BEGIN Excerpted records
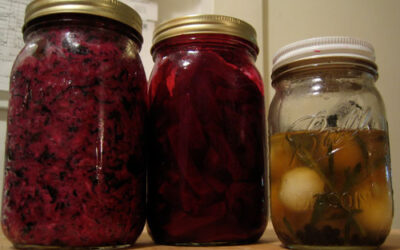 Cultured veggies: Red Sea sauerkraut, pickled pearl onions, pickled beets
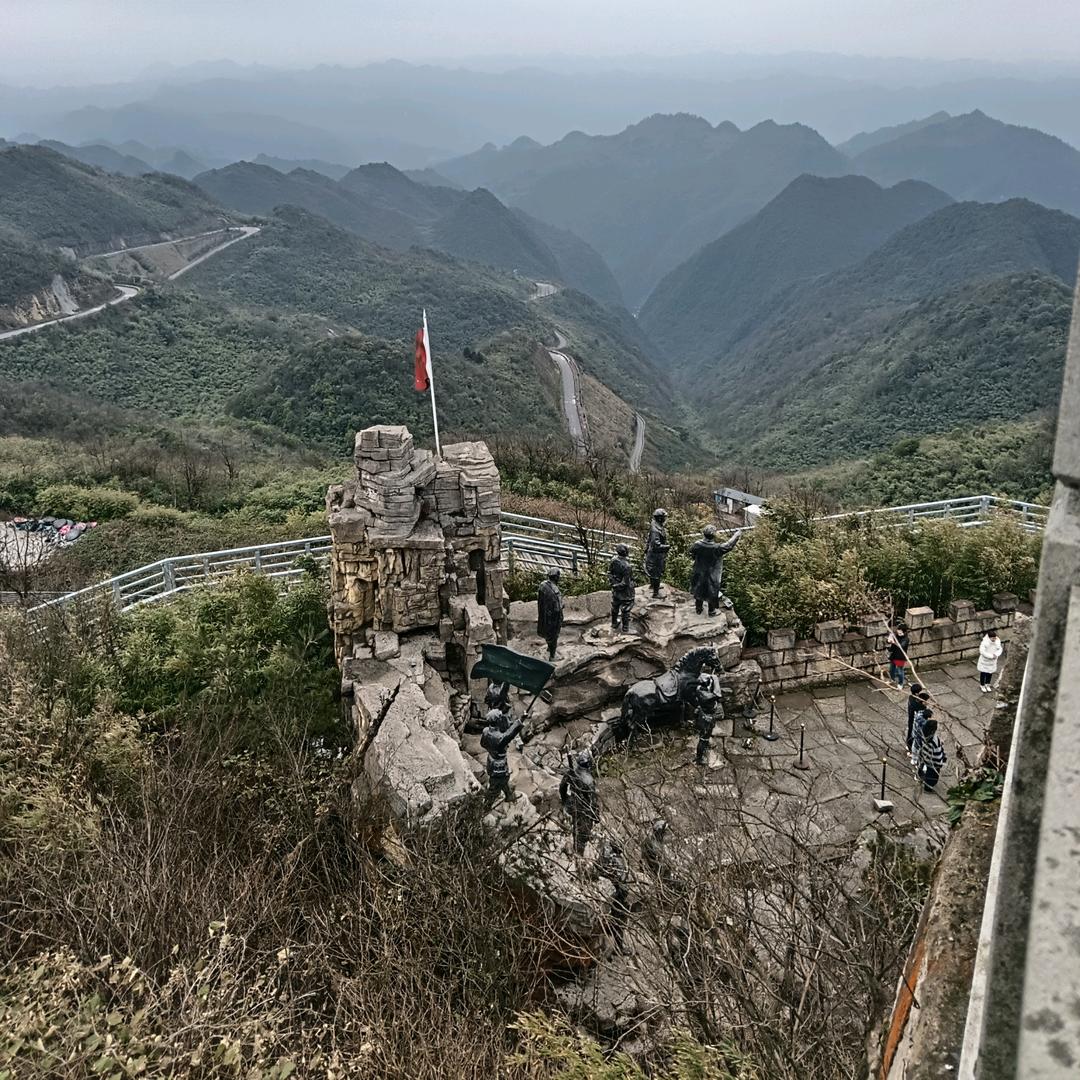 一树临风
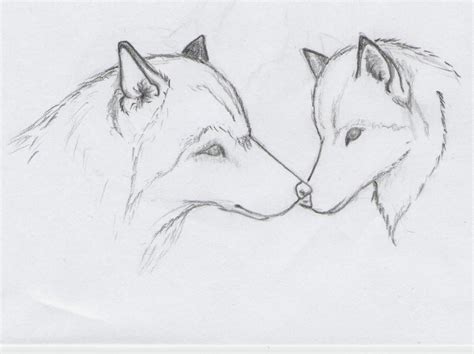Easy Drawing Of Animals Wolf Sketch By Greywolves Redroses Wolf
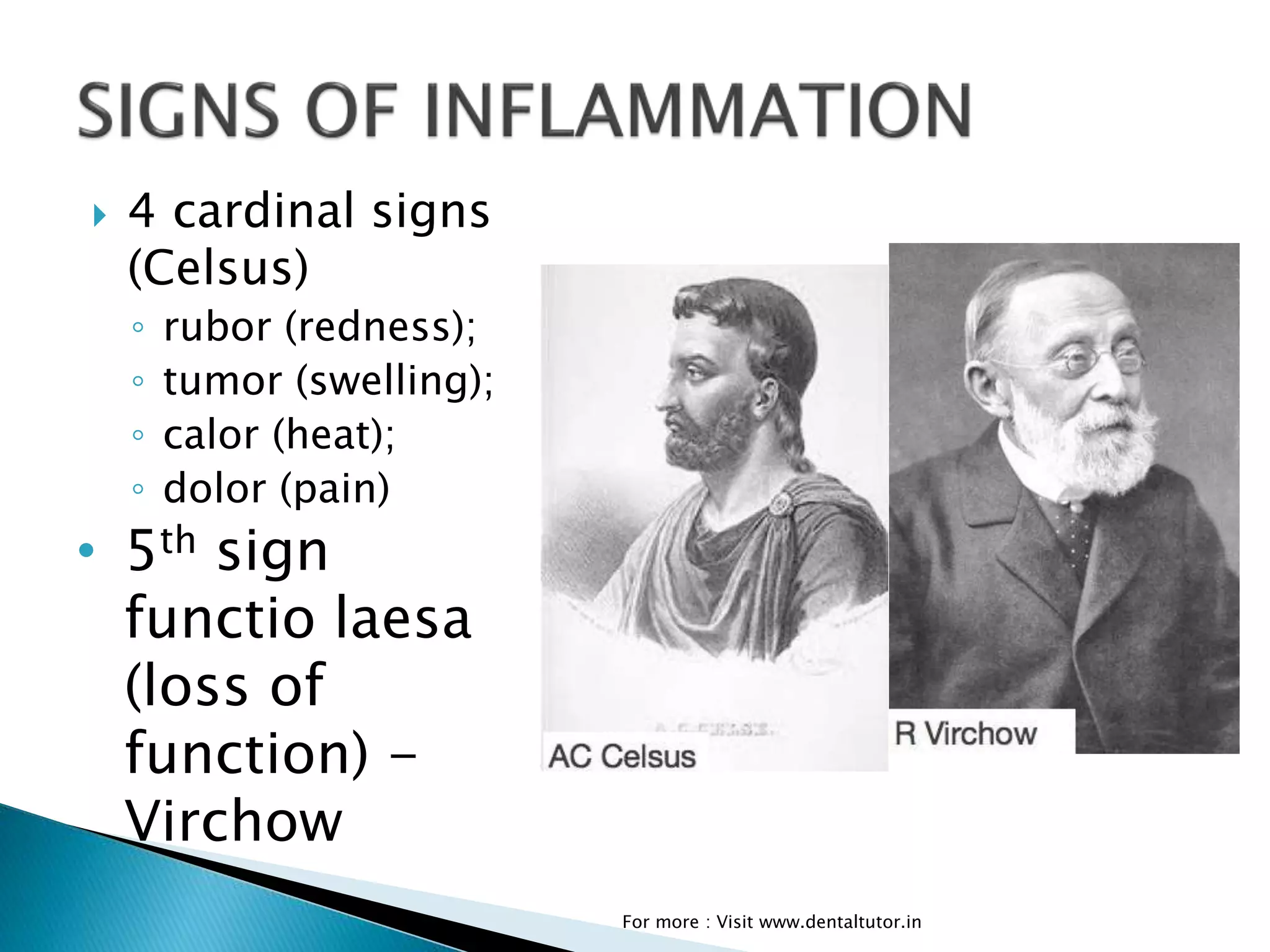Inflammation | PPTX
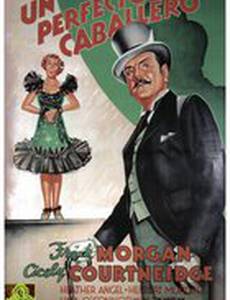 The Perfect Gentleman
END Excerpted records
**The problem**
Only the lines from the line with "Easy Drawing Of" through the end of the records belong in your copy. Repeat them exactly, without pictures.

**Your response**
Easy Drawing Of Animals Wolf Sketch By Greywolves Redroses Wolf
Inflammation | PPTX
 The Perfect Gentleman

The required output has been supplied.